(Extracted data entries)
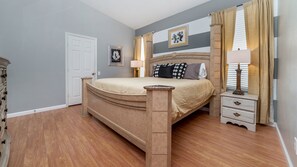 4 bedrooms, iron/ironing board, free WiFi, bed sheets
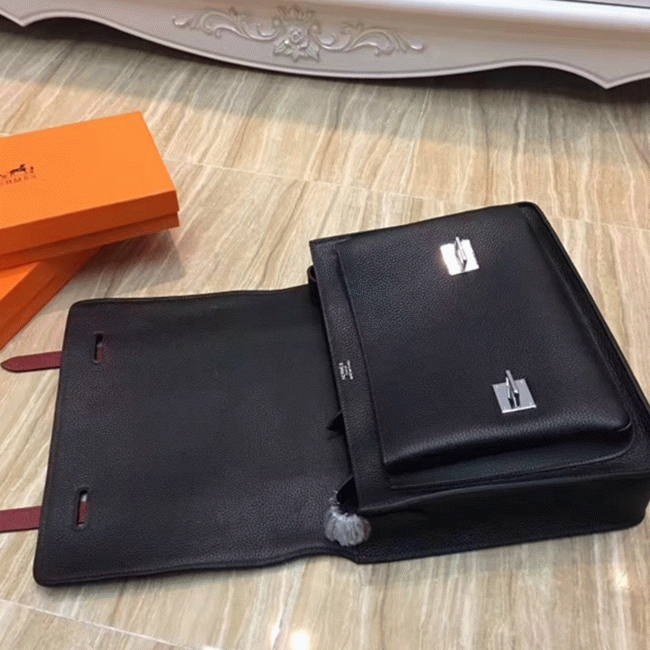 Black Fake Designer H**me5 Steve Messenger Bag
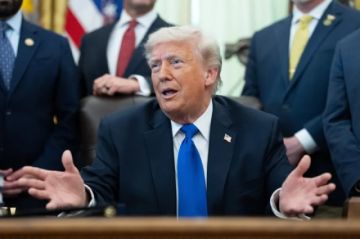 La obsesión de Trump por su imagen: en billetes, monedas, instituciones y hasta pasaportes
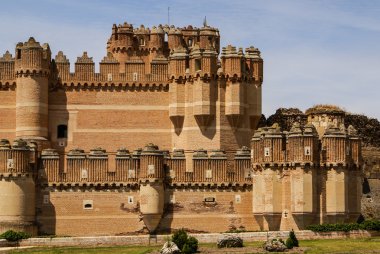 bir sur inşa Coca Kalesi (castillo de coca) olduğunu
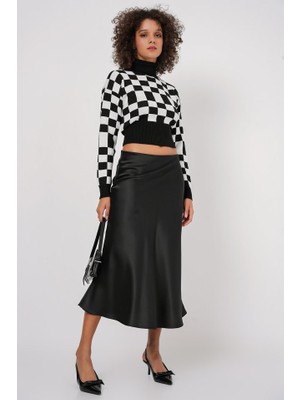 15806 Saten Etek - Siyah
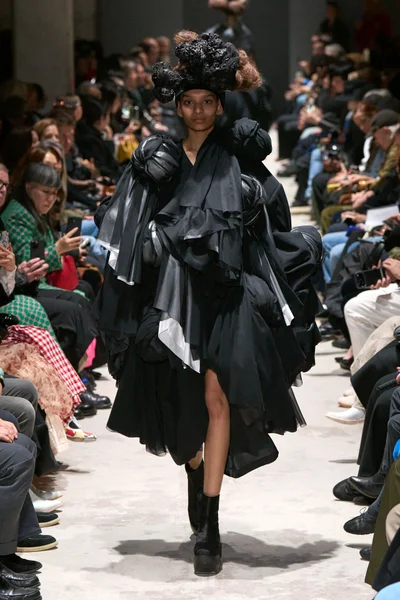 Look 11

▶ WORK TASK
For every line above, produce an exact transcription that omits the images.

▶ WRITTEN SOLUTION
 4 bedrooms, iron/ironing board, free WiFi, bed sheets
 Black Fake Designer H**me5 Steve Messenger Bag
 La obsesión de Trump por su imagen: en billetes, monedas, instituciones y hasta pasaportes
 bir sur inşa Coca Kalesi (castillo de coca) olduğunu
 15806 Saten Etek - Siyah
 Look 11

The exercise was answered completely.